# Task details
Copy all the lines of the listing below exactly. Skip the images.

# Given data
-------

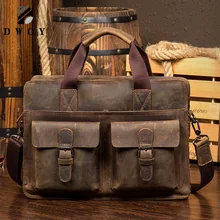 Винтаж Crazy Horse портфели мужские сумки-почтальонки из натуральной кожи 1" ноутбук сумки из коровьей кожи бизнес сумка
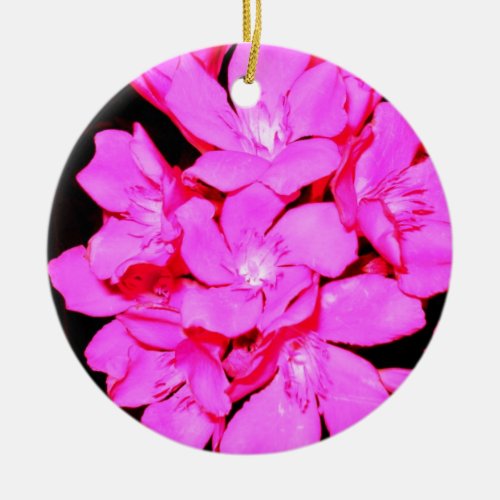 Pink Flowers Ceramic Ornament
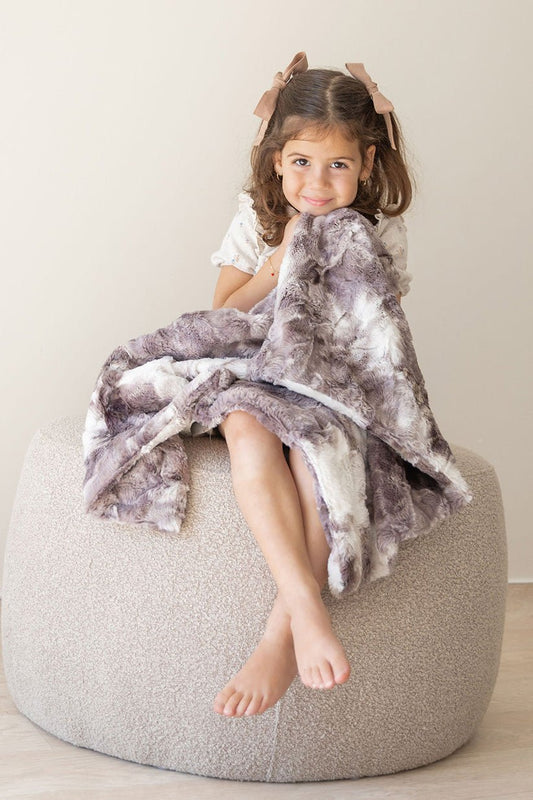 Ultra - Plush Grey Tie Dye Fur Blanket - Eva Essentials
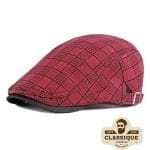Casquette Plate Rouge à Carreaux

-------

# Solution to this exercise
 Винтаж Crazy Horse портфели мужские сумки-почтальонки из натуральной кожи 1" ноутбук сумки из коровьей кожи бизнес сумка
 Pink Flowers Ceramic Ornament
 Ultra - Plush Grey Tie Dye Fur Blanket - Eva Essentials
Casquette Plate Rouge à Carreaux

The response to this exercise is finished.